Performance tips
While CliffordNumbers.jl is intended to be a fast library without much special attention needed to obtain good performance, there are some ways to ensure you are maximizing performance that may not be obvious to a first-time user.
Use literal powers when possible
When exponentiating an AbstractCliffordNumber
, x^2
is preferred to x*x
. This package overloads Base.literal_pow
to provide efficient exponentiation in terms of the smallest type needed to represent the result.
As an example, KVector{1}
, being a 1-blade, necessarily squares to a scalar, so the return type of (x::KVector{1,Q})^2
is always KVector{0,Q}
. In general, every even power of a 1-blade is a scalar, and every odd power is a 1-blade. By contrast, x*x
returns an EvenCliffordNumber{Q}
. For small algebras, this distinction may not be significant, but in the 4D case, such as with the spacetime algebra, x*x
is 8 times longer than x^2
if x
is a KVector{1}
.
It is also important to note that variable exponents will usually trigger promotion to either EvenCliffordNumber
or CliffordNumber
, depending on the grading of the input. The greatest benefit comes from exponents that may be evaluated at compile time.
Know which scalar types work best
In general, AbstractFloat
scalars are the best choice for the scalar type, followed by Integer
, then Rational
, then BigInt
or BigFloat
.
!!! note Fixed point numbers Fixed-point numbers haven't been tested with this package, but they are likely as performant as their backing type, which is usually an Integer
.
Scalars that are not pure bits
The most important examples of scalars that are not bits types are BigInt
and BigFloat
. While these may be necessary to represent certain coefficients accurately, there is a performance penalty for using them.
When a bits type is used as the scalar, Julia can represent an AbstractCliffordNumber
as an inline array of scalars without having to resort to pointers. This provides two major benefits:
- The type can live on the stack, meaning that no allocations are needed.
- The type can be stored contiguously in an
Array
.
For types that are not pure bits, the scalars are stored as pointers to data on the heap, which may or may not be contiguous, and the performance is usually reduced.
Rational
Unlike the machine integer types Int8
, Int16
, Int32
, and Int64
, or the floating point types Float16
, Float32
, and Float64
, performing operations with Rational
types is significantly slower, since it requires the use of Euclidean division, which is very slow compared to addition and multiplication.
Specialized kernels for Rational
products are provided that minimize the number of division operations needed, but these are still about 100 times slower than performing the same product with floating point scalars. Improving the speed of these multiplications is a goal for this package, but do not expect the speed to ever rival that of floating-point multiplication or division.
Avoid using CliffordNumber
in most circumstances
When performing geometric operations, you can almost always restrict yourself to OddCliffordNumber
or EvenCliffordNumber
as your largest types. Avoid adding objects with odd and even grades, as this will trigger promotion to CliffordNumber
.
If it appears CliffordNumber
is needed, you may want to ask whether you are using the correct algebra for your problem.
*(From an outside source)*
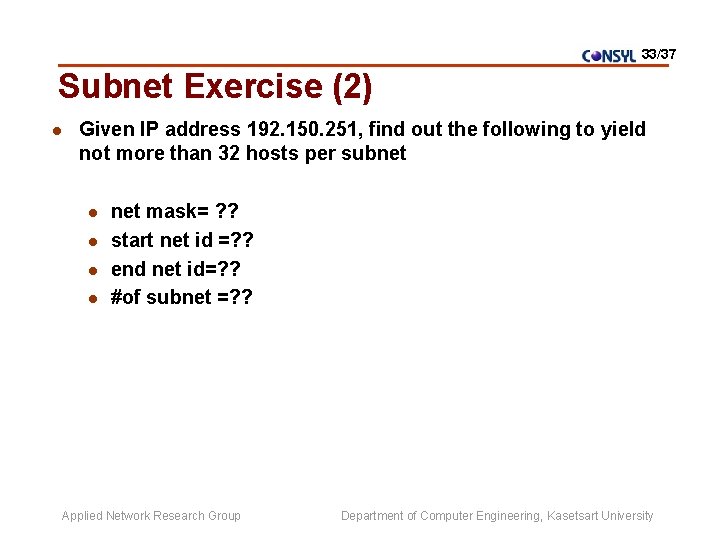 33/37 Subnet Exercise (2) l Given IP address 192. 150. 251, find out the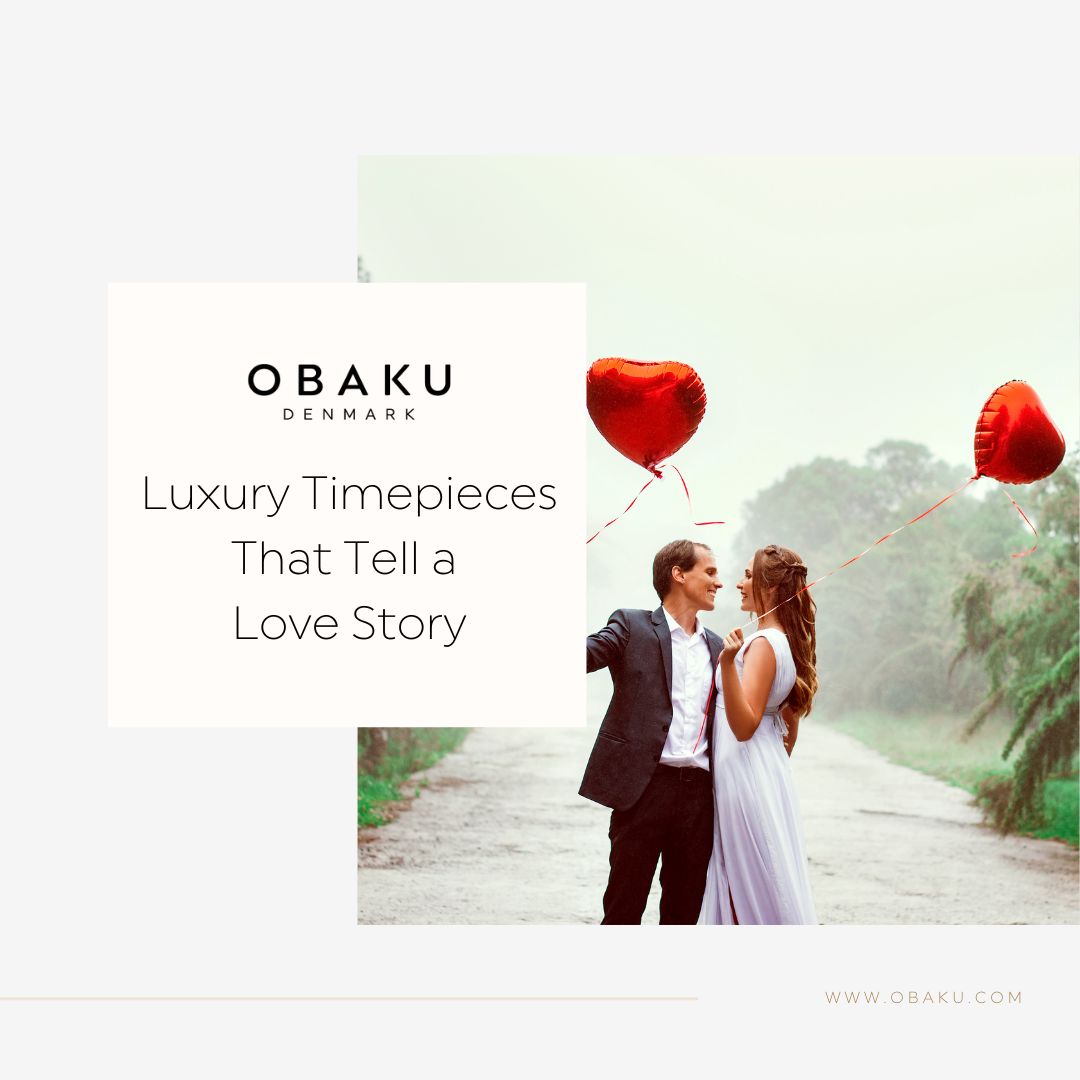 Luxury Timepieces That Tell a Love Story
This question is less so about optimization of your code and more so about how you conceptualize your problem: sometimes it makes more sense to use a larger algebra to get a better picture of the geometry, and use EvenCliffordNumber
in the larger algebra as your data representation.
One circumstance where you may wish to use CliffordNumber
is when working with idempotents of the algebra, which may be relevant when working with spinors.
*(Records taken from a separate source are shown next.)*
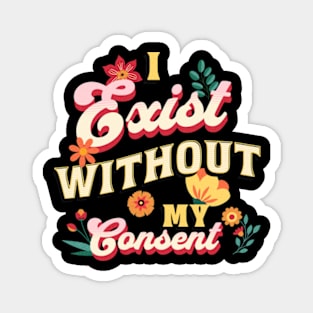 I Exist Without My Consent Sassy Floral Flowers Magnet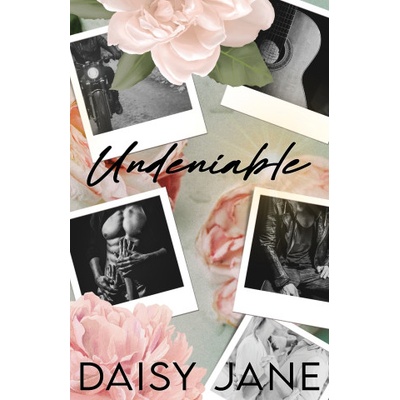 Undeniable | Daisy Jane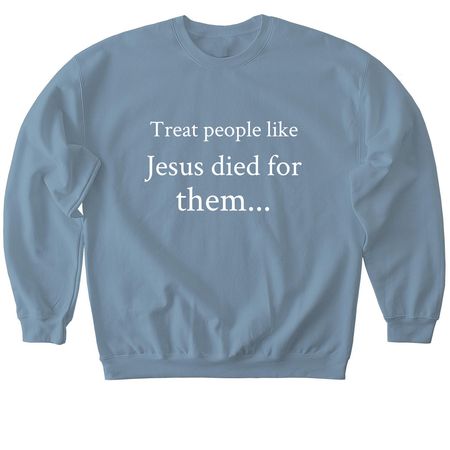 Jesus died for them Unisex T-shirt, a Stone Blue Softstyle Crewneck Sweatshirt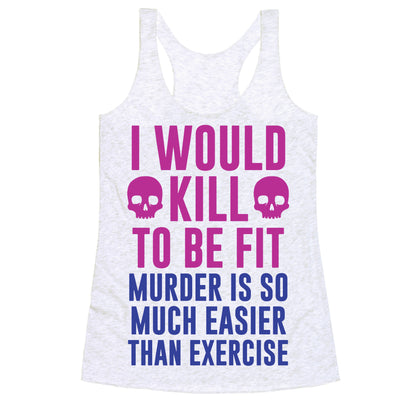 I Would Kill To Be Fit Racerback Tank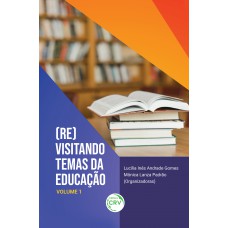 (Re)visitando temas da educação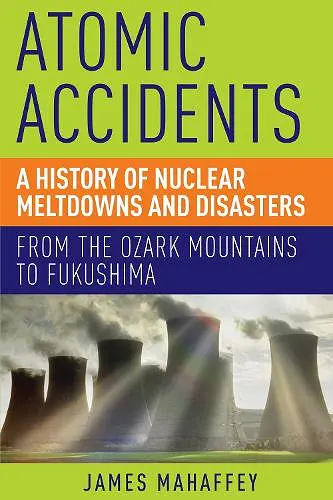 Atomic Accidents cover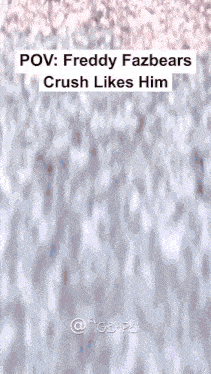 a freddy fazbears crush likes him meme with a waterfall in the background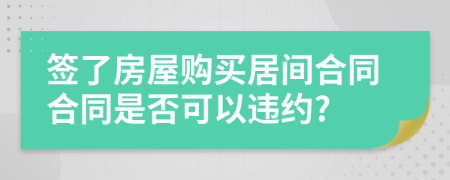 签了房屋购买居间合同合同是否可以违约?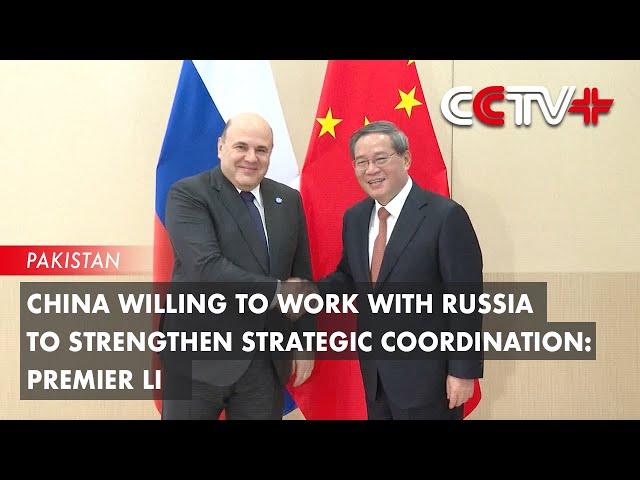 China Willing to Work with Russia to Strengthen Strategic Coordination: Premier Li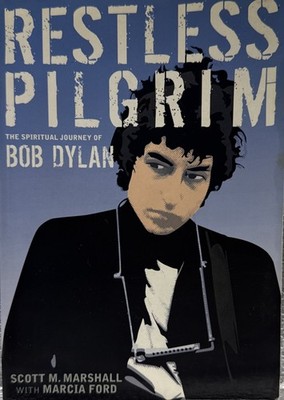 Restless Pilgrim: The Spiritual Journey of Bob Dylan by Scott M. Marshall -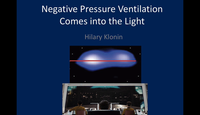 Negative pressure ventilation comes to light...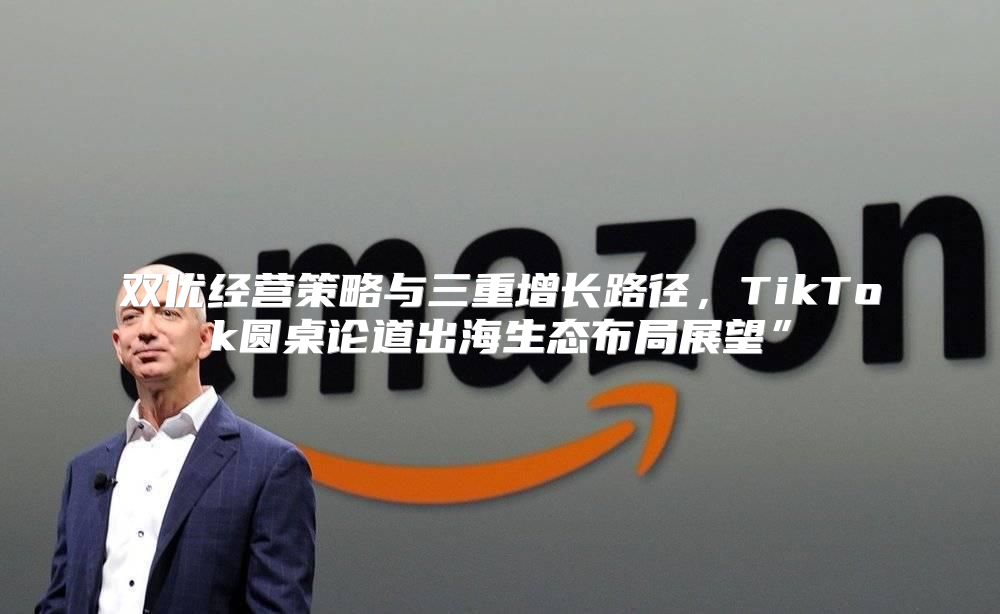 双优经营策略与三重增长路径，TikTok圆桌论道出海生态布局展望”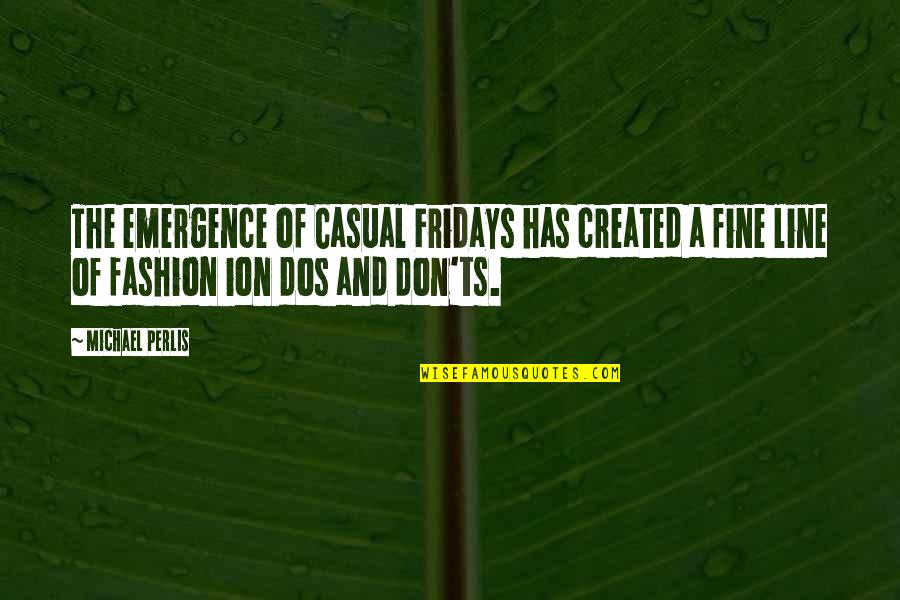 Fashion Casual Quotes By Michael Perlis: The emergence of Casual Fridays has created a
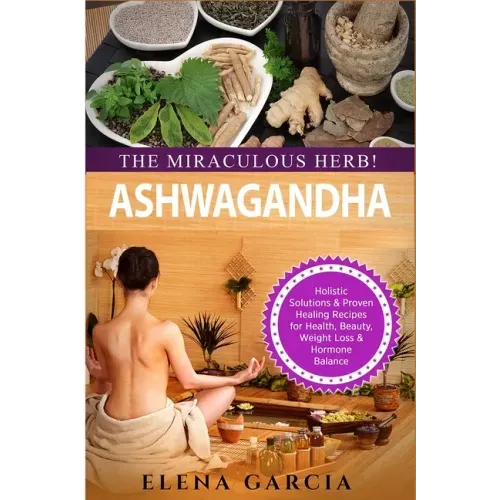 Ashwagandha - The Miraculous Herb!: Holistic Solutions & Proven Healing Recipes for Health, Beauty, Weight Loss & Hormone Balance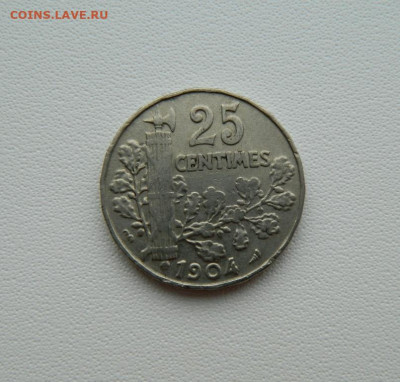 Франция 25 сантимов 1904 г. С рубля! до 09.03.26 - DSCN1515.JPG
Know how your CPU's SIMD extensions work
At this point, you've hit hyperoptimization territory. Notes here are intended more so for developers contributing to this package than for ordinary users, but they are included for the sake of completeness.
SIMD width
CliffordNumbers.jl is written to take advantage of CPU SIMD extensions. Usually, these consist of fixed-size registers of 128, 256, or 512 bits, depending on the implementation.
While Julia can generate efficient code for Tuple
types with up to 32 elements, it's especially efficient to use types that fit into one SIMD register. When using an x86 CPU with AVX2, which provides 256-bit registers, EvenCliffordNumber{STA,Float32}
is a more performant choice than EvenCliffordNumber{STA,Float64}
, since the former consists of 8 32-bit scalars (256 bits total) and the latter is twice the size (512 bits total).
SIMD operations
The various products of geometric algebra can be implemented in terms of three common SIMD operations: add, multiply, and permute. Although these operations are usually available for every basic real number type, some implementations have gaps which may prevent SIMD extension from being used.
One notable pitfall is the lack of SIMD multiply instructions for Int64
on x86 with AVX2 only. It is possible to perform a 64-bit multiply using AVX2, but these are not available as single instructions, and Julia's compiler does not generate SIMD code for these operations. On AVX-512 and AVX10, this instruction is available.